As I read through his article, I started thinking that this could work in a different way than he suggests (a series of Pyrrhic victories that leave you weaker for the strain or force you to sacrifice to succeed). What if your character, who started out at the peak of his/her training in his/her 20's got older with each level? One of the things that always bothered me about the game Fable was that my character continued to get stronger and more agile as he got older. And while that may be the case until your 30's-40's, you certainly start to go down hill by the time you're approaching 60, especially if you've led the type of like a video game protagonist lives. It makes more sense to me to have a character get physically weaker as they age. However, that doesn't mean they can't compensate for it in different ways.
The game I envision has you start out as a brutish 20 something.

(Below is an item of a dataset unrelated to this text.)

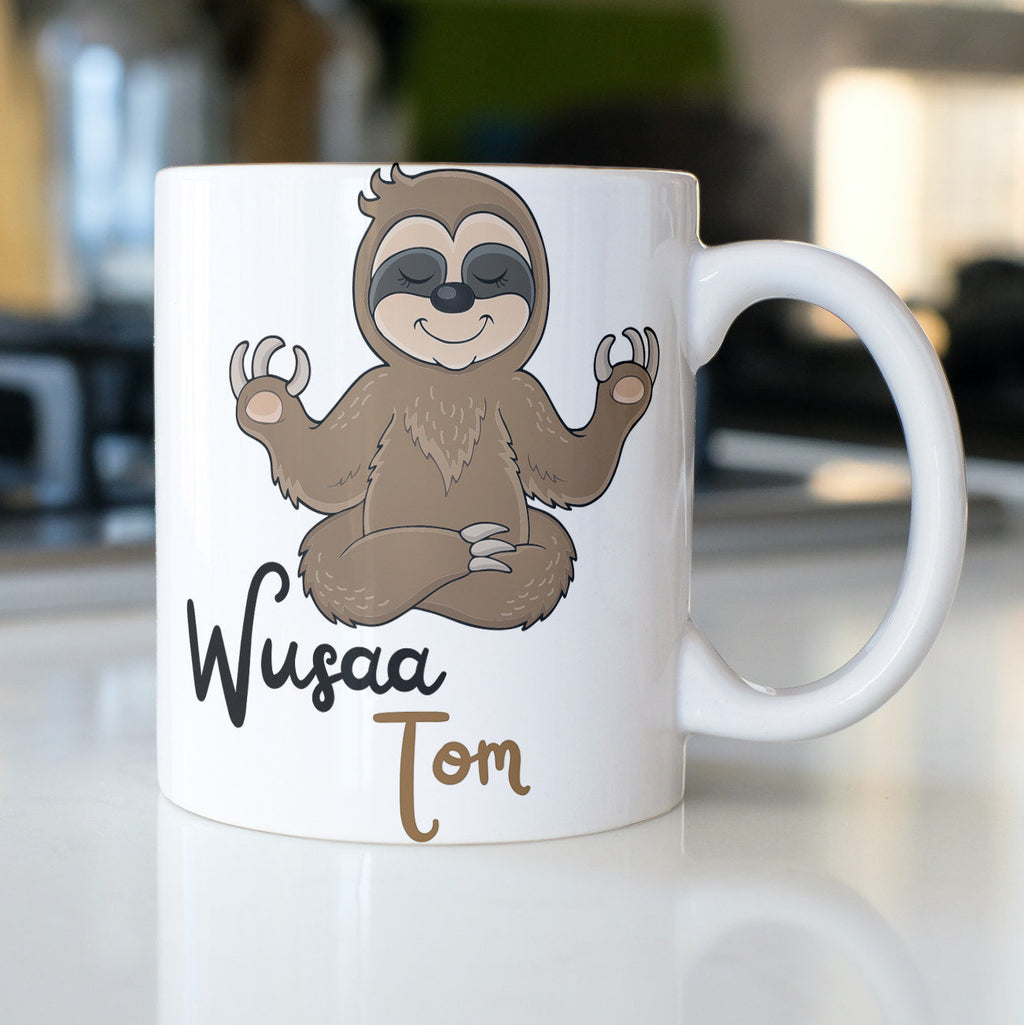 Personalisierte Tasse mit Wusaa Faultier Motiv | Kaffeetasse Namenstasse | Geschenkidee | Individuell bedruckt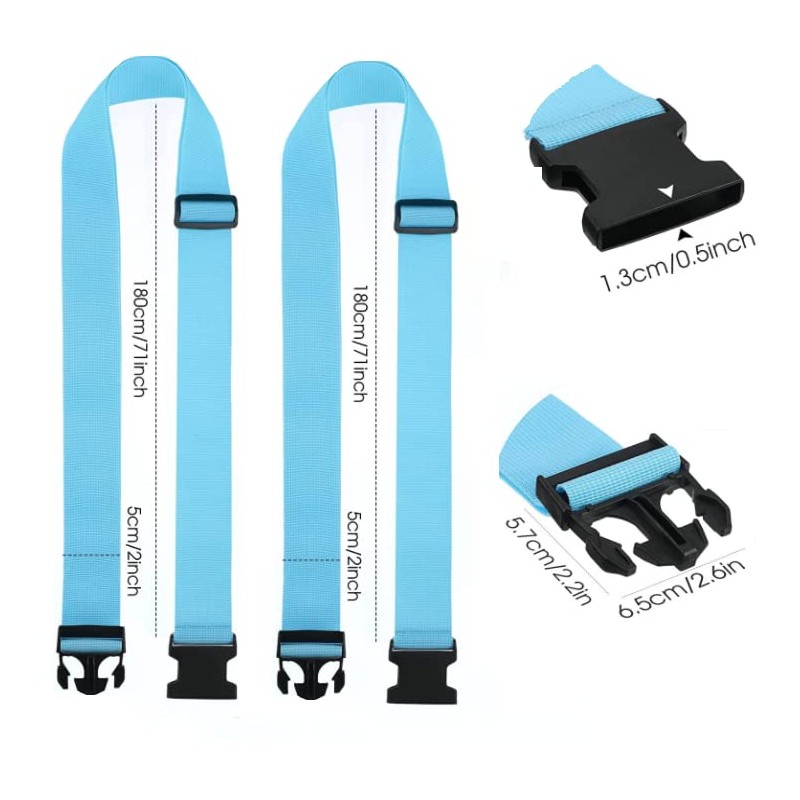 FIVEAN 4 Pack Adjustable Luggage Straps, Blue, 46"-78" / 100-188cm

You are physically strong, but that's about it. As you level up, you gain experience in the real sense of learning how the game works, but also (for the character, anyway) you gain life experience. You could also have sliders for influence in your community, political and economic affluence and technical or magical skill. You can focus on one of these (or maybe several) to compensate for your initially high stats dropping. So if you focused on intellect, you might gain an affinity for the arcane arts and learn powerful spells. If you put your focus into technical understanding, you can create long range weaponry so when your strength fails you, your back from the front lines.
The big difference I can see in everyone starting out as a soldier and working there way up to different classes that are not necessarily stronger but require more skill and preparation is that you could raid or go on a dungeon run right out of the gate. Imagine a game where older guilds were always on the look-out to hire newb mercenaries to use as cannon fodder for there raids? You have a group of 10 more advanced players that stand in the back and deal damage/heal while a line of 15 soldiers (all level 1-5) are hired to keep the monsters away from the experienced players. This would, in a sense, mirror real life in that the lower on the totem pole you are, the closer you get to the front lines and vice versa.
I think this idea certainly has merit and gets new players into the game right away, but seeing the older players and the cool things they can do gives immediate incentive while the older players have incentive to help new players since they need them as meat shields. I'd play that game.